"What percentage of a typical company's creditors offer a discount for early payment? What are the average terms offered? Do most companies take full advantage of the discounts offered? Do most companies try to get their creditors to accept discounts for early payment? Would CFOs rather pay their bills later than earlier? What percentage of a company's vendors are considered small businesses? Do companies outsource that portion of their payables which deals with early pay, vendor discounts?"


The answer to these questions is "it depends." The number of creditors that a company can expect to offer a discount payment terms program will vary by industry and type of vendor. TAPN's survey on Early Payment Discounts provides data on percent of vendors offering discounts.

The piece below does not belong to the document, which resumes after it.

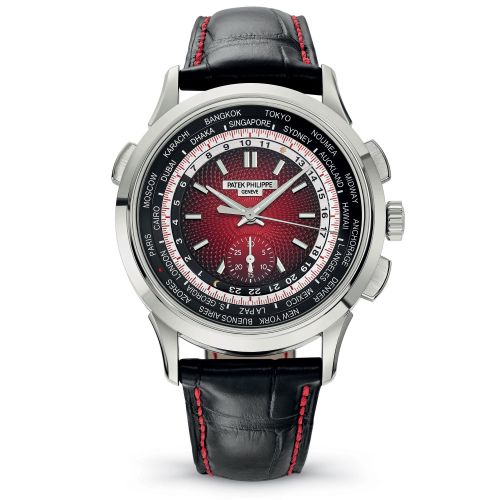 replica Patek Philippe - 5930G-011 World Time Chronograph 5930 White Gold / Red / Singapore 2019 watch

According to the study, terms that appear most often with vendor discount programs in the U.S. are 2% (78 percent) and 10 days (90 percent), but see the study.

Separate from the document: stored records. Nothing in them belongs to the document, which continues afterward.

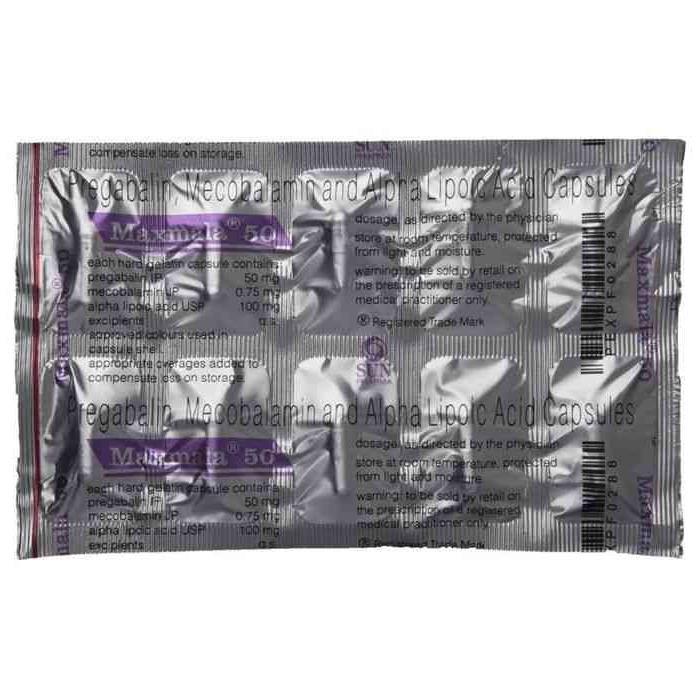 Maxmala 50 Mg/750 Mcg/100 Mg Capsule 10 50Mg/750 Mcg/100 Mg Capsule 10 4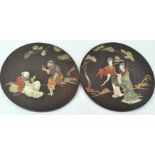 A pair of 20th century Chinese round hanging panels,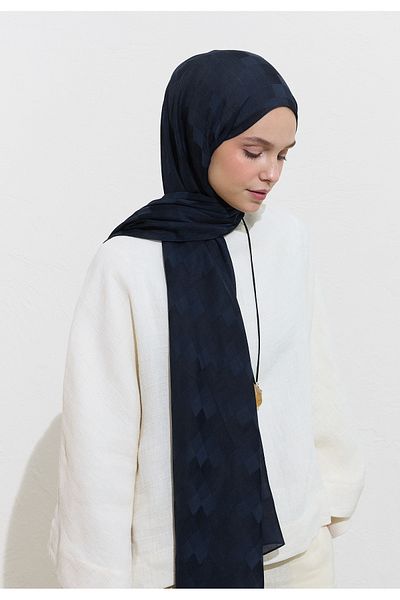 Freshscarfs Nori Silky Jacquard Shawl Navy Blue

Whether a company takes advantage of discounts depends on each company's particular situation. If a company has tight cash flow, then it may not have the financial flexibility to take advantage of discounts and may be in the mode of trying to stretch out its payments as long as possible. Other companies insist on taking discounts at every opportunity where it makes economic sense so that the return achieved from the discounts exceeds the return which could be received from using the funds in another resource.

CFOs will look at analysis that offers what the trade off is between early payment versus hanging onto the money until it must be paid.

Companies that have largely manual payables processes generally have a much more difficult time taking advantage of discounts, because it requires an efficient processing operation to go from invoice received to payment in the allotted early pay period.

Small business is defined differently by companies and we have not run across a common standard that would indicate that any company with a certain characteristic would be classified as a small business. Wall Street defines a small business differently than the government and differently from within industries. A good practice is to document what your company does consider a small business. The Small Business Administration can be a good resource for this type of information.

In regard to outsourcing, we are aware of companies that outsource parts of their accounts payable functions and some businesses are getting to where they are considering outsourcing the whole function. Some common outsourced functions are freight payables, sales and use tax payables, disbursement processing (by banks and other institutions), utility bills and consolidation, and travel & expense bills to name a few areas. These functions may encompass vendors who offer discounts.